Nine ways to win at life

Advice. We all seek it until we don’t want it (which is when we actually need it). Its always changing too, both our needs of the advice and the actual advice. As we grow, or refuse to grow, the advice pool is always there. Here are some pieces of advice, that will help you win at life.

  • Worry. This is a must. Do it daily, because when you don’t worry, things don’t get done, or people get hurt, or life changing or threatening things happen. Worry fixes everything, and takes up very minimal brainwaves. So please, make sure to worry every day. Constantly, if possible.
  • Be Impatient. There is nothing that makes other people more happy to help you as when you are completely irrational and impatient—they know you have a schedule, and they know that you are the most important person/thing/happening in their life, so if you keep reminding them with your impatience, this will help you get what you need done.
  • Do everything at once. People who can’t do, multitask. If you try to do everything at once, you have the perfect excuse when you can’t finish anything. And if you get everything done while trying to do it at once, well, that is just a double win, now isn’t it?
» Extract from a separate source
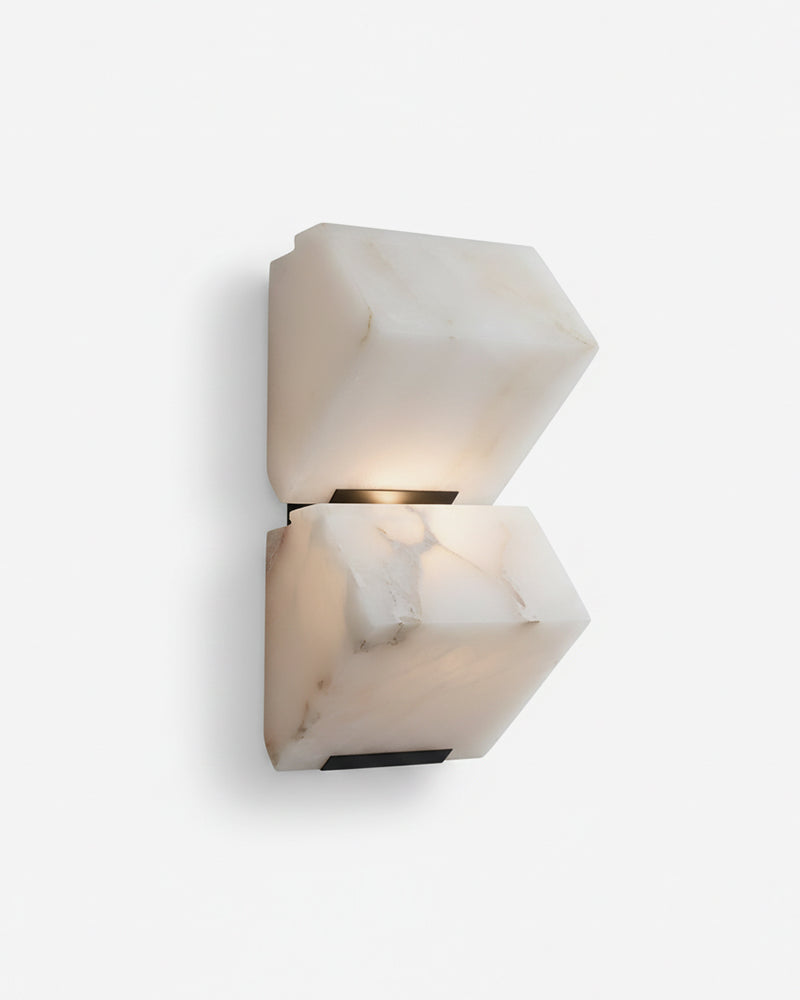 Alabaster wall sconce ALABA No.05 duo, two faceted alabaster blocks stacked on a black spine, switched on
  • Perfect perfection. Always focus on being the absolute best. Never settle for anything less. Ever. Never forgive yourself or others if perfection isn’t achieved daily.
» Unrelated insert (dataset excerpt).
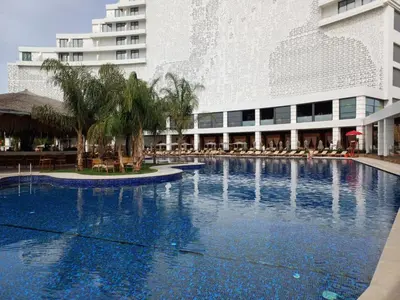a large swimming pool in front of a building at Grand Saphire Resort Apartment-I in İskele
  • Rudeness rules. Everyone else is so much less important than you are, and they just don’t understand your life, your needs or your time limits. So why not use rudeness, and pepper it with a LOT of sarcasm, so they understand who you are and will get out of your way so you can be that amazing person, and live your amazing life.
  • Focus on yourself. When you focus just on you, you understand yourself. You will always have to live with yourself, unlike everyone else. No one else has to live with you every day, so you’re the only one who knows what you need and when. Even if you don’t know. You can just sit there and focus on it and commiserate with yourself. Eventually everyone will realize that this is the best way to make yourself the best.
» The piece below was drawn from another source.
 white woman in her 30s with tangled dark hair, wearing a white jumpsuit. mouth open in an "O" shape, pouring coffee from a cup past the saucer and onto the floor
  • Throw everyone under the bus. Remember to get to number one, you have to get there first. If that means you have to pave the way with bodies, do it.
  • Know you’re perfect. Never try to learn anything new, make yourself better, understand others, grow, change, or delineate from your original self or plan. It only leads to destruction.
  • Never, ever, ever stop to breathe or take a moment. Woo-woo people who light candles and believe in things bigger than themselves take time to stop and breathe. You are on your way to winning at life, and your body does those things naturally, so why stop and take the time to do them?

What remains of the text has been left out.